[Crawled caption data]
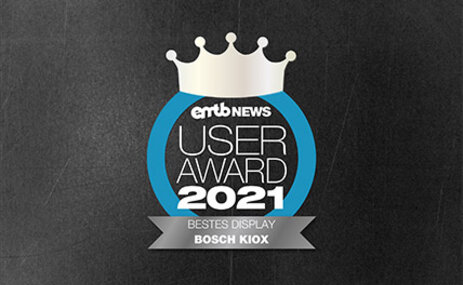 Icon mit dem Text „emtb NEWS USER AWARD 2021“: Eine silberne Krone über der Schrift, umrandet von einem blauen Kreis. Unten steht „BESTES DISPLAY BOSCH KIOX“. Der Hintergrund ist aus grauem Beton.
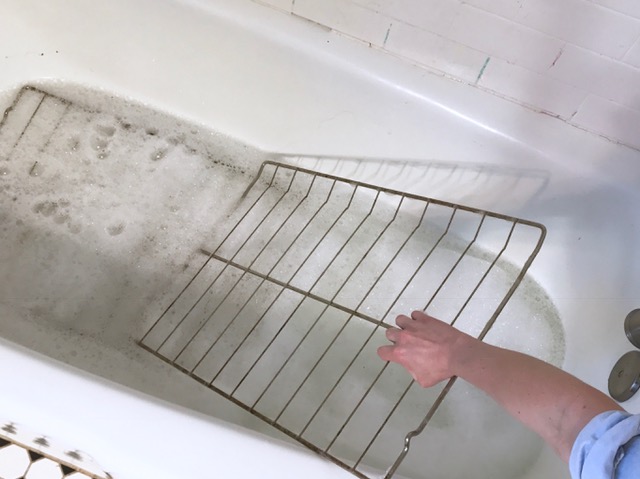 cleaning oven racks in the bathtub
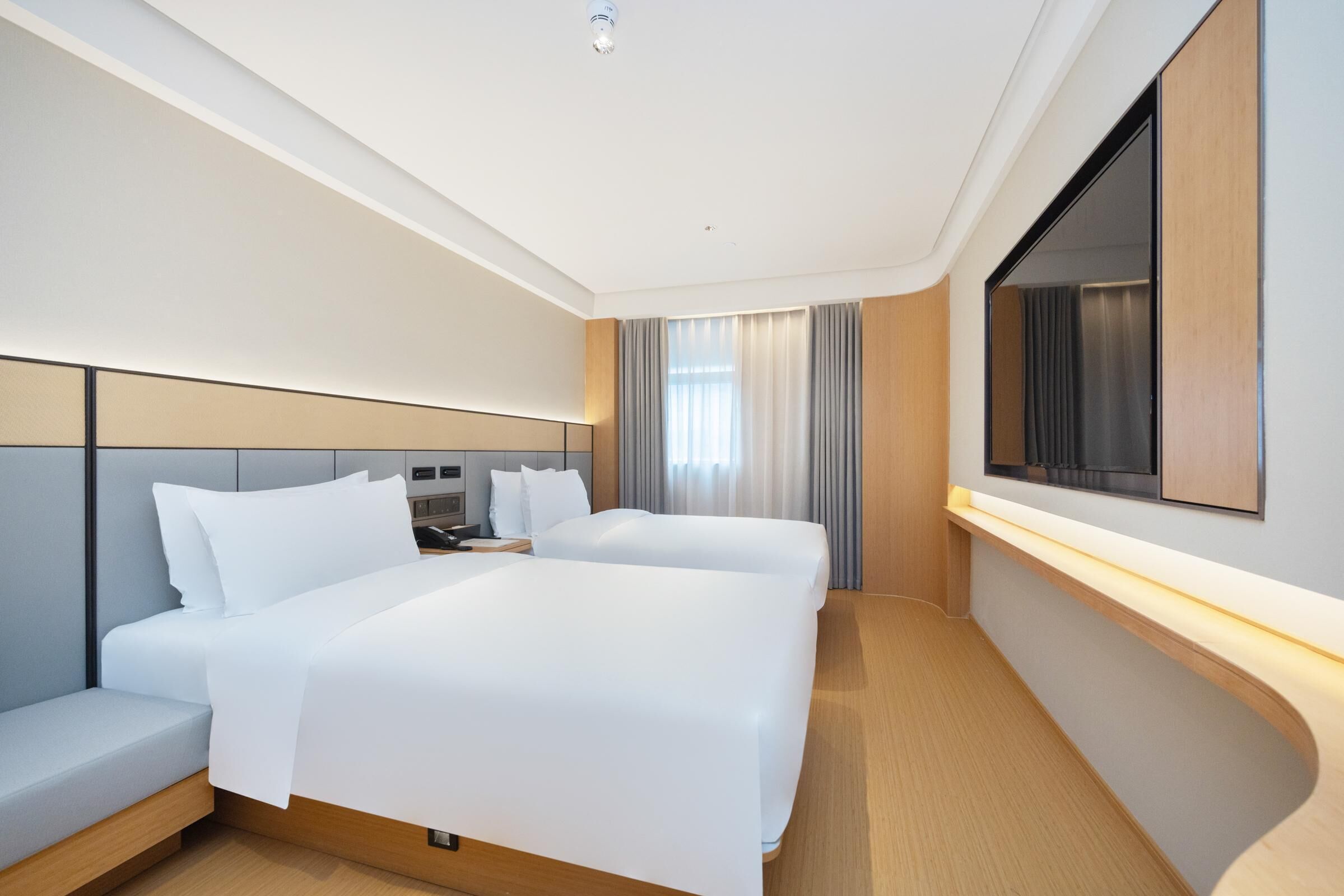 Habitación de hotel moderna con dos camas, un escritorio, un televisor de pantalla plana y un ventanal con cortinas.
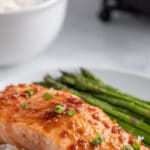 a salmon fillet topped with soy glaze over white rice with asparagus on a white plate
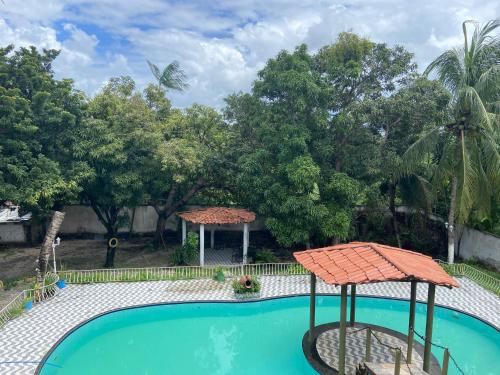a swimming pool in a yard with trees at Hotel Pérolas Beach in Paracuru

## REQUIRED WORK
Copy the lines of the records, beginning where the line containing "Habitación de hotel" appears and continuing through the final line, exactly and with no pictures.

## ANSWER SPACE
 Habitación de hotel moderna con dos camas, un escritorio, un televisor de pantalla plana y un ventanal con cortinas.
 a salmon fillet topped with soy glaze over white rice with asparagus on a white plate
a swimming pool in a yard with trees at Hotel Pérolas Beach in Paracuru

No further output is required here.